In this blog, Archana Prasad reflects on her decade-long career in the field of agricultural extension within an evolving agricultural ecosystem and offers insights on how extension graduates can effectively prepare for the future.

A PERSONAL RECKONING

When I graduated with a degree in agricultural extension, I believed I had a clear sense of what lay ahead. The pathways were few but established: state extension services, research assistantships, or, if lucky, a fellowship with a government program. But soon into my career, I realised something sobering — the sector was evolving faster than our preparation for it.

Today, over a decade later, having worked with more than 100 FPOs, grant-funded programmes, consulting firms, and ecosystem-building efforts, I look back with one conviction: we need to radically rethink how we skill and position agricultural extension professionals for the world beyond the textbook.

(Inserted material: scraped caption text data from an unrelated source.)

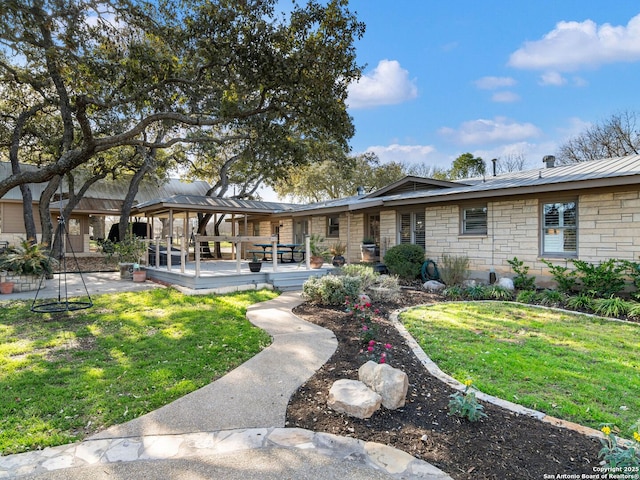 rear view of property featuring stone siding, a lawn, metal roof, and a standing seam roof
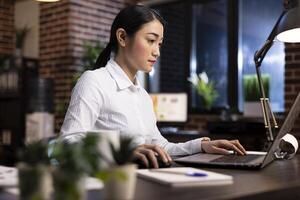 Young businesswoman in professional setting, seated at her desk, using a laptop to prepare a project presentation. The modern brick wall design adds a stylish and productive atmosphere to the office. photo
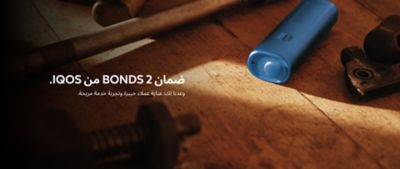 Blue BONDS 2 by IQOS device on a wooden floor beside a tool and a metal gear piece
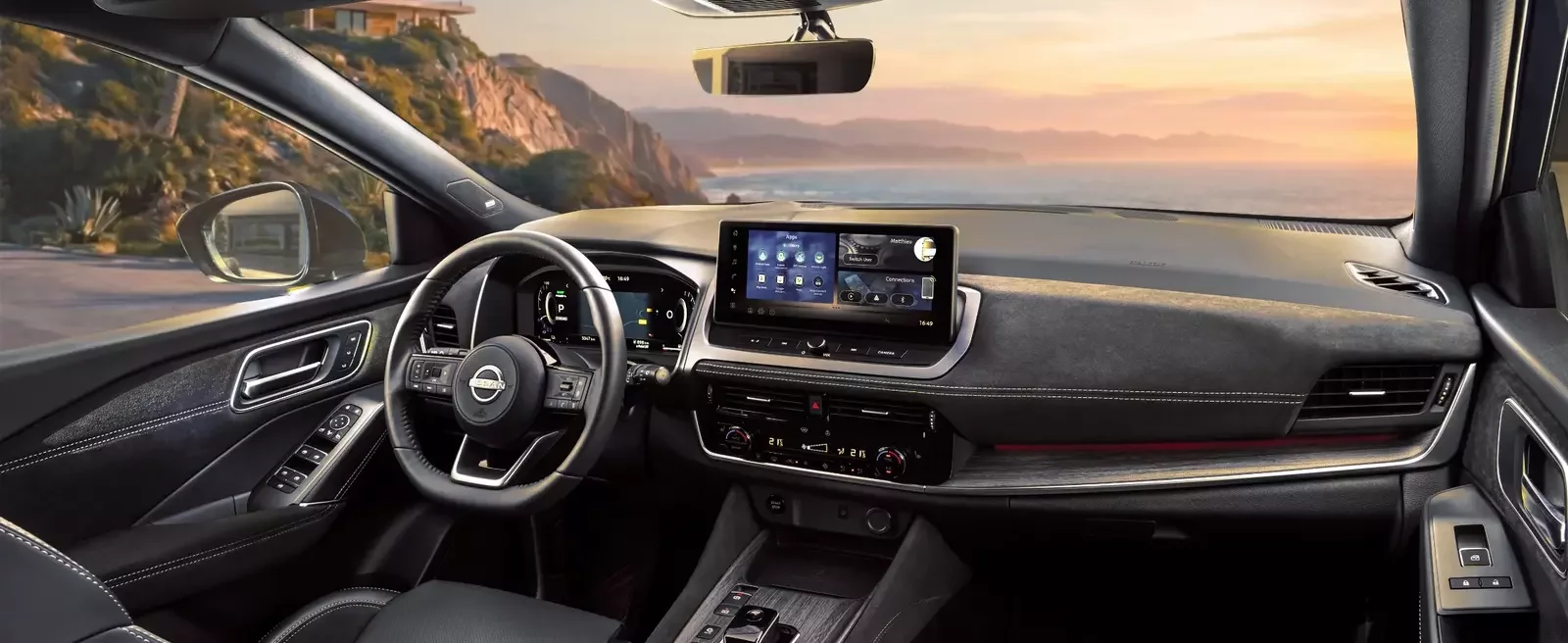 Nissan Qashqai e-POWER interior com volante multifunções, painel digital e ecrã central de infotainment, com vista para uma estrada costeira ao pôr do sol.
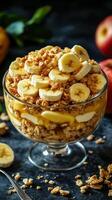 Delicious banana and granola parfait served in a glass bowl with fresh apple backdrop photo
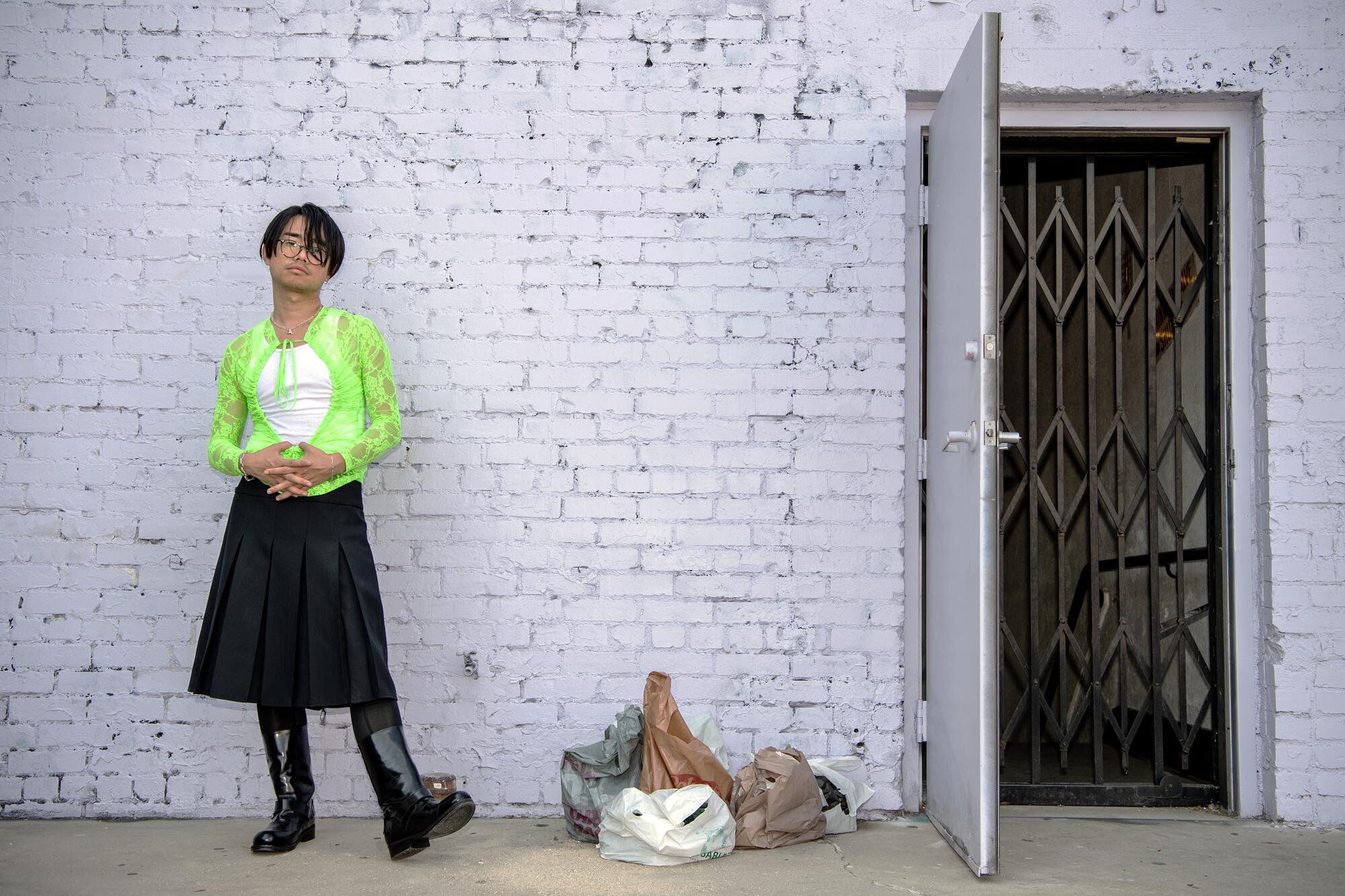 Shaojun Chen outside a warehouse in a bright green Hanes tank top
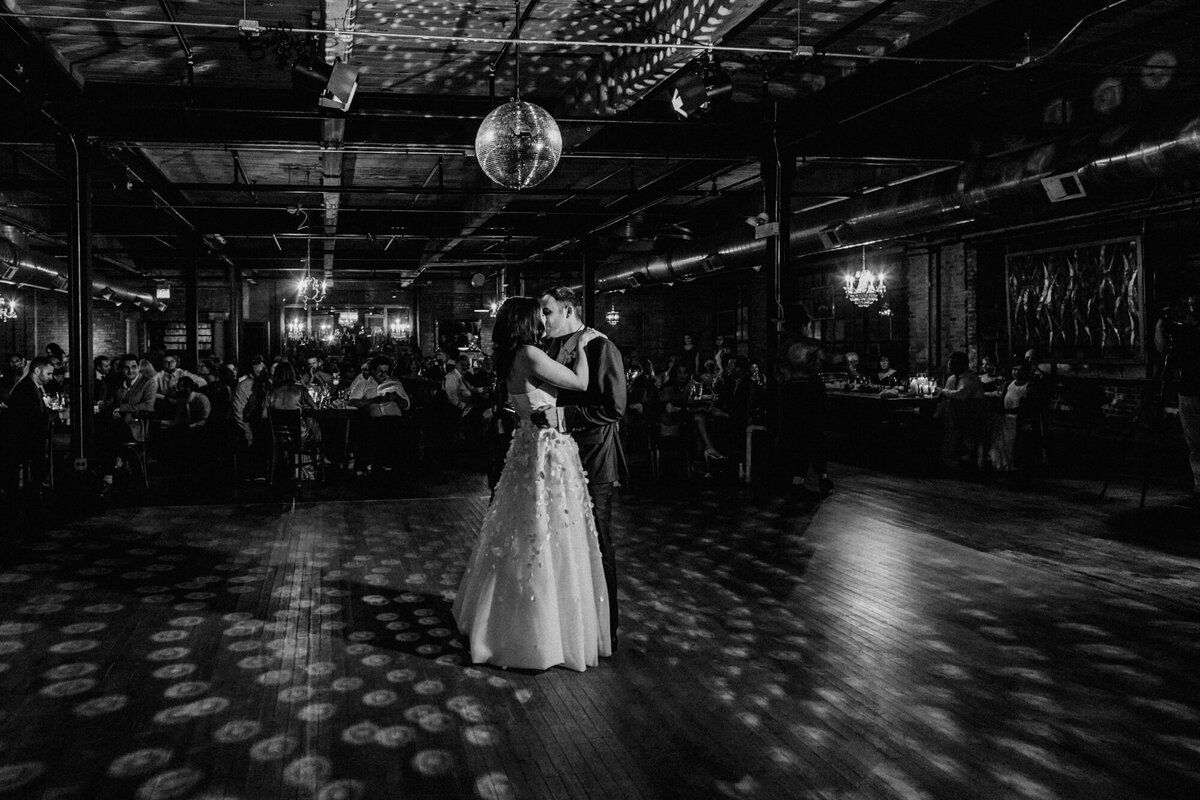 A black and white first dance photo at Salvage One in Chicago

WHAT EXTENSION PREPARES US FOR — AND WHAT IT DOESN’T

Agricultural extension as taught in most Indian State Agriculture Universities (SAUs) is rich in history, communication tools, and participatory techniques. However, as the farm sector diversifies, the traditional notion of the extension worker as a trainer or mobiliser feels increasingly narrow.

“Extension isn’t outdated. But the roles we prepare students for often are.”

In 2023, India had over 40,000 registered FPOs across the country — yet a significant percentage continue to struggle with business viability, governance, and market access. Thousands of private agri-tech start-ups, donor-funded livelihood programmes, and expanding CSR efforts in agriculture also demand professionals who understand agriculture and business, community engagement, digital systems, field realities, and funding logic.

The irony? Our graduates have the grounding, but not the exposure.

MISSED PATHWAYS: WHERE EXTENSION PROFESSIONALS COULD THRIVE

Here are spaces where postgraduates and PhDs in agri-extension are uniquely suited to lead, but often unaware of:

  • Development Consulting: Firms like Sattva, Microsave, Sambodhi, and others increasingly hire agri professionals to lead strategy, monitoring & evaluation, and implementation support for donors and corporates.
  • FPO Strategy and Incubation: With SFAC, NABARD, and corporate funding for FPO formation, there’s demand for professionals who can work across governance, marketing, and business planning.
  • Donor Programs and CSR: Foundations like the Gates Foundation, Ford Foundation, and Tata Trusts run large-scale agri initiatives requiring talent who can design programs, write proposals, track outcomes, and coordinate partners.
  • Agri-Investment Advisory: There is growing space in impact investing, blended finance, and agri-startup due diligence. Sector understanding + systems thinking is a critical mix.
  • Strategic Ecosystem Building: Programs like PM-FME, Digital Agriculture Mission, or state-level agri-accelerators often need consultants who can bridge grassroots understanding with policy frameworks.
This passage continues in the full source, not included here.